Blackduck gives pointers to prevent Microsoftesque mishaps mishaps

Microsoft Developer

Microsoft has redone the Windows 7 USB/DVD tool that it pulled down sometime back after it was widely discussed that the tool contained code which violated the GNU General Public License. The source code in question came from ImageMaster, a tool that is used for reading and writing disk images. Microsoft called the violation an unintentional mistake, and took full responsibility for the infringement even though the code had been supplied by a third party. Now Microsoft has finally released the tool again under version 2 of the GNU General Public License (GPLv2). The tool allows users to transfer downloaded Windows 7 images to a USB drive or burn them to DVD media.

In a post on the company's blog, Peter Galli, Microsoft's Open Source Community Manager, said "the testing and localisation took longer than we expected". Galli notes that, while the user experience will be the same as before, installation now requires additional steps, including installing Microsoft's .NET Framework and to burn DVDs. Previously the files were launched via a command line, but were separated "for clarity as they are separate programs under different licensing terms". The tool is now available on Microsoft's CodePlex open source software project hosting repository at.

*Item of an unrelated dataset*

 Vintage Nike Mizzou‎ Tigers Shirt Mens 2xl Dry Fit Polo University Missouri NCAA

Even though Microsoft has conducted admirably in this case of accidental infringement, it has been at loggerheads with the open source community for years. In 2007 the company had accused Red Hat and other Linux vendors of violating 235 Microsoft patents. Off late though it has made several attempts to embrace opensource and has even launched a new foundation called Codeplex to enable code exchange and support open source communities.

This recent code violation issue by even a huge enterprise of Microsoft’s stature has brought into focus the vulnerability of opensource code to copyright and licensing oversights. Having clearcut Opensource usage policies and guidelines for a more efficient management of opensource adoption is crucial for all companies that want to prevent unnecessary developmental delays or judicial interventions.

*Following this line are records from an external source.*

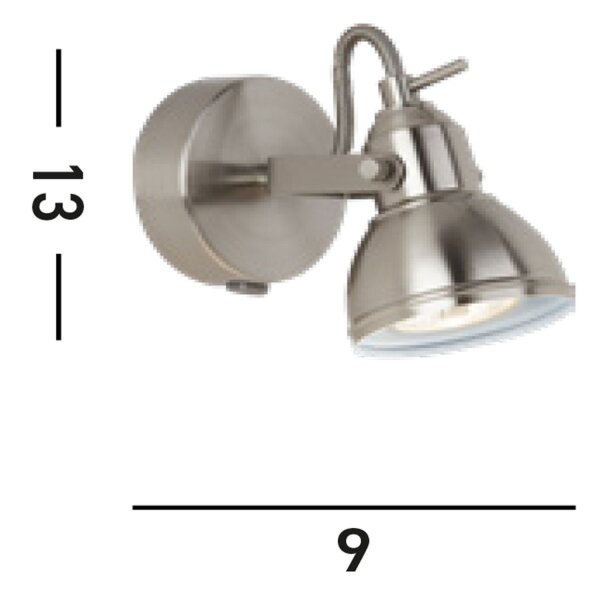 Spot mural en métal orientable GU10 jusquà 50 W en argent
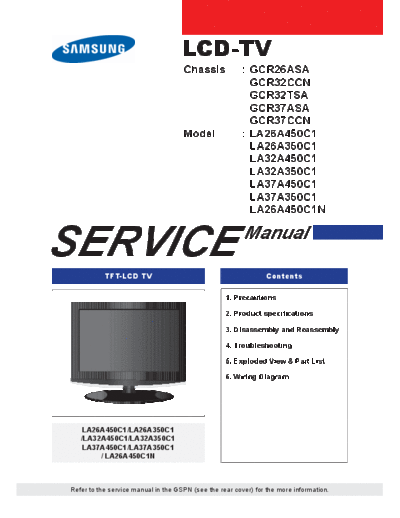 Samsung LA26A350 26A450 26A350 32A450 37A350 37A450.part1  Samsung LCD TV LA-26A450 LA26A350 26A450 26A350 32A450 37A350 37A450.part1.rar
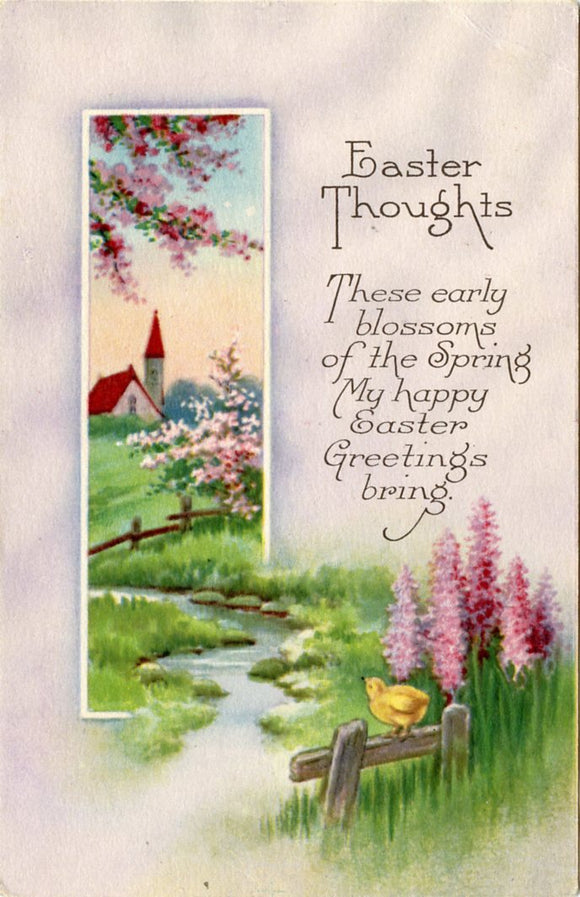 Easter Thoughts, These Early Blossoms of the Spring, My Happy Easter Greetings Bring-Carey's Emporium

Black Duck Software, a company that helps with precisely these kinds of issues has releaseda five point checklist that can be used by software companies concerned about intellectual property and licensing risks :

Have a written, explicit “Know what you are trying to do with open source, and develop a disciplined policy and set of practices”, advises Jeff Durand, VP of Professional Services at Black Duck Software. Automation through tools that identify code and any license dependencies is a critical first step. "Automation makes development organizations more efficient and builds quality into the process," he observes. "Manual processes are not fast enough to aid in the discovery of hidden or potentially encumbered code. The more automation is in place, the better able a developer will be to take advantage of code." Automation also minimizes the impact of compliance on developers, who can stay focused on developing rather than tracking code provenance.

2. Integrate with other systems, especially build and change management tools -- Integrating with a company's build system is a natural and convenient place to check compliance, scan for third-party and OSS code and identify conflicts. Finding issues early in the development cycle will save effort later.

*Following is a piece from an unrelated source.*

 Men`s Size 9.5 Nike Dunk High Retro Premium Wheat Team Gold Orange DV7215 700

3. Check all possible sources for incoming OSS -- A single-source application or code base is the exception, not the rule, in today's global development infrastructure, says Durand. Code can come from many sources -- OSS forges, community projects, third-party developers. Pointing to Microsoft's recent brush with undetected OSS code, Durand notes that outsourcing software development has become a best practice -- leaving software companies and enterprise IT departments with doubts about code provenance. "Your developers, external developers and contractors are part of your software supply chain," he says. "You need a best practice that describes how to manage inbound code, an institutionalized policy for managing third-party and OSS code, and a documented process that the entire organization can understand and support."

4. Drive efficiency by identifying and standardizing on OSS components -- A lack of control in the development process can leave a company with 10 different XML parsers, multiple libraries with similar functionality, or logging and bug-tracking systems that offer largely the same features. Standardizing on an approved set of OSS components (e.g., Tomcat, log4j, zlib, etc.) by establishing a process and system for bringing in and evaluating components eliminates the need to test and get approval for the same components over and over. "We recommend creating an approved set of components that is accessible and usable by the entire development organization," says Durand. "For example, the Black Duck Suite includes a platform and workflow to create a catalog of approved components. Developers can check the approved list first before spending the effort to find a component on their own, getting it approved, etc." The key, adds Durand, is to standardize on proven OSS components as a best practice using appropriate process, rigor and review of incoming code.

5. Contribute back to avoid forking code -- A big part of the OSS experience is giving back to the community. Some licenses explicitly state how code must be returned to the community. If your development plans include using OSS, it's a good idea to think from the start about contributing code back including bug fixes. Not only will this help your organization eliminate the need to maintain your code as a separate fork, points out Durand, it's a good example of cooperative development at work and you maintain a good working relationship with the community.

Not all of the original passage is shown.